No entender las diferencias nos asusta. Y en vez de apreciar la información que puede enriquecernos proveniente de las perspectivas de los otros diferentes a nosotros, reaccionamos con el impulso primitivo de pelear o huir. Esto es el comienzo de un círculo vicioso que termina mal para todos.
Al principio, cuando el coronavirus se convirtió en pandemia, surgió una sensación de “ahora estamos todos en el mismo barco”. Desafortunadamente, esta hermosa (aunque haya sido causada por un motivo horrible) sensación de humanidad como una sola comunidad, nos obligó a reconocer, casi de inmediato, que estamos en la misma tormenta, pero cada uno está en su bote propio y diferente de los demás.
Y la clásica división de “nosotros y los otros” resurgió más fuerte que nunca.
La narrativa conspirativa de culpar a alguien, siempre al otro, siempre el diferente sólo ayuda a transformar algo muy complejo y difícil de entender en una simplificación casi caricaturesca de la realidad.
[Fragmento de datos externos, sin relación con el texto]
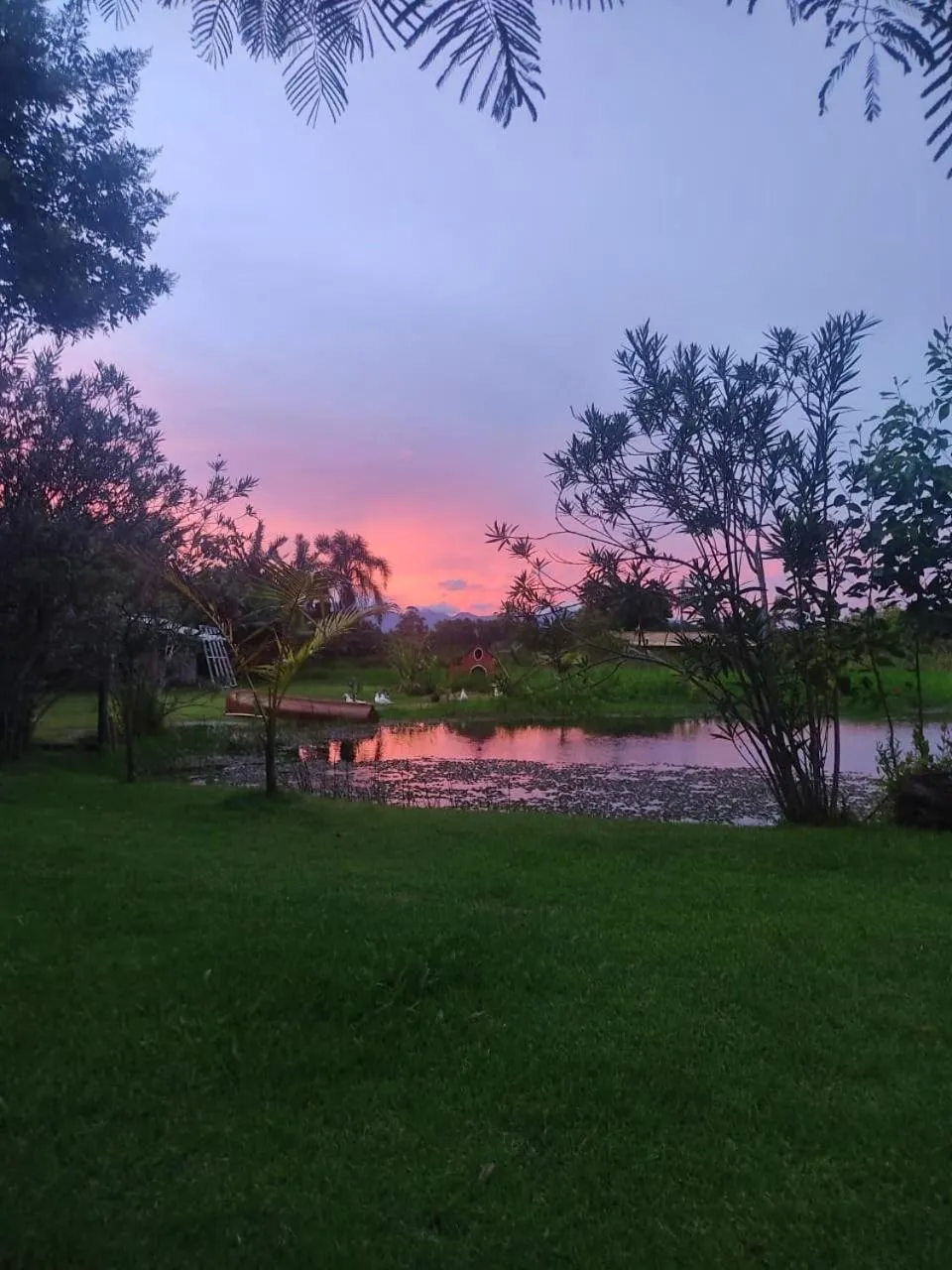 Natural landscape in Pousada Areias do Embaú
Transformación que terminó por empujar a la gente a tomar decisiones basadas en creencias sesgadas, y noticias falsas, decisiones impulsivas sólo provocadas por impulsos emocionales, sin datos reales y comprobados.
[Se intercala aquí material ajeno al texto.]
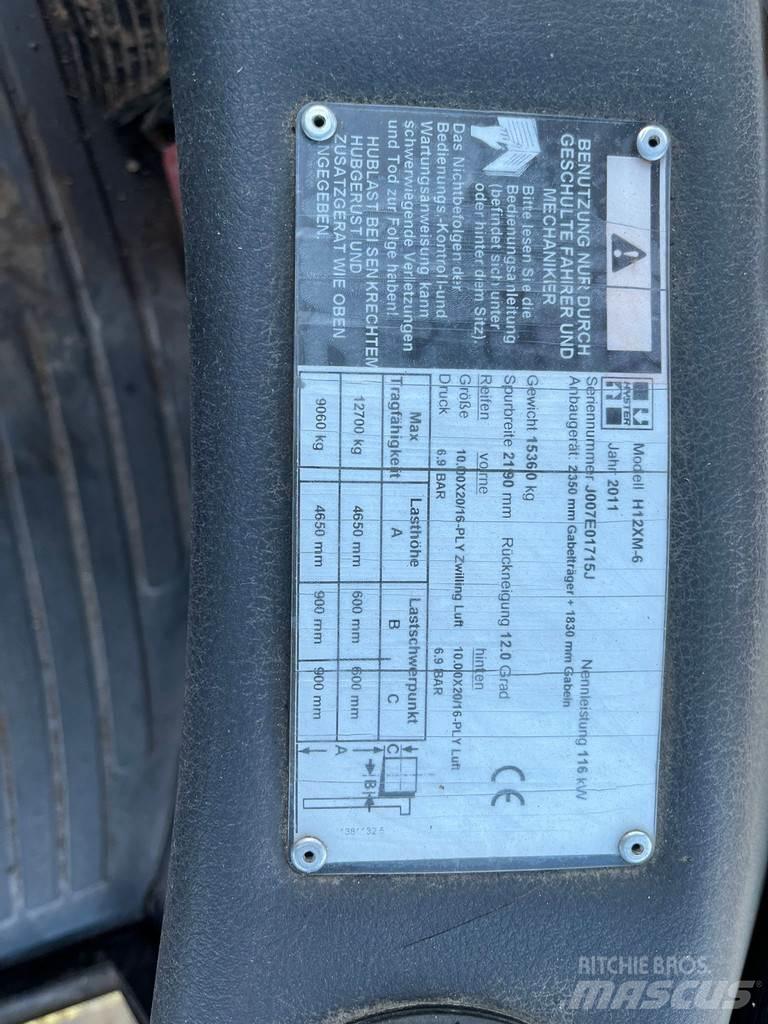 Hyster H12XM-6 其他叉车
Se requiere mucho valor y un profundo sentido ético para parar nuestra reacción primitiva de pelear y atacar al que tenemos enfrente, e intentar una mayor consciencia para encarar la situación.
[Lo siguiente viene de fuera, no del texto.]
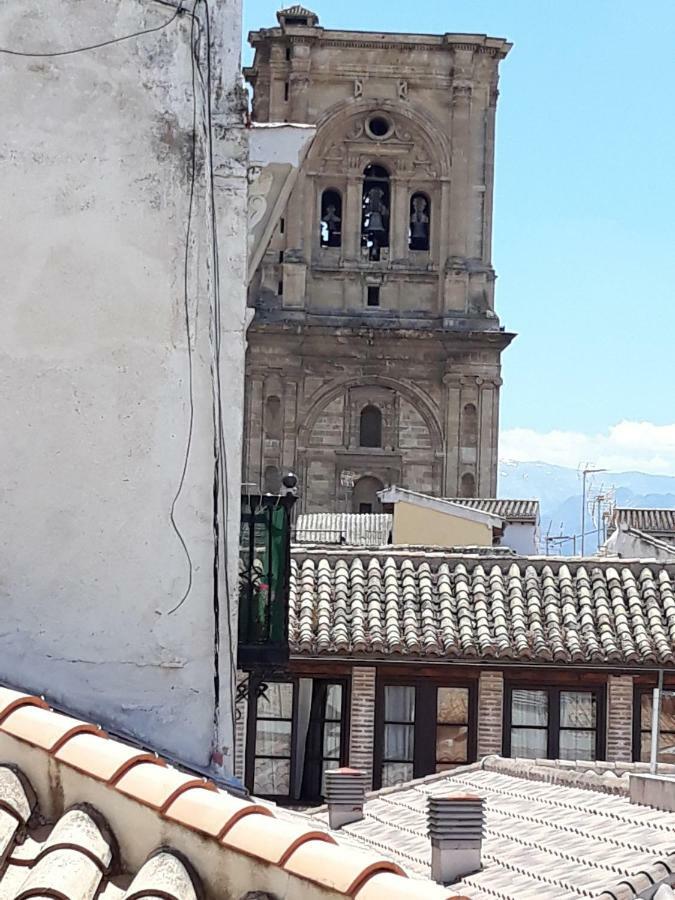 グラナダCatedral Lujo Parking Gratisアパートメント エクステリア 写真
La otra opción es mirar, nuevamente, al otro sin perjuicios, o por lo menos con mayor consciencia de nuestras formas de pensar. Miremos de nuevo intentando ver las diferencias simplemente como diferencias y no como una conspiración maliciosa. Así estaríamos ejerciendo nuestra condición de ser ser humano, de pertenecer a la única especie que piensa sus emociones antes de actuar.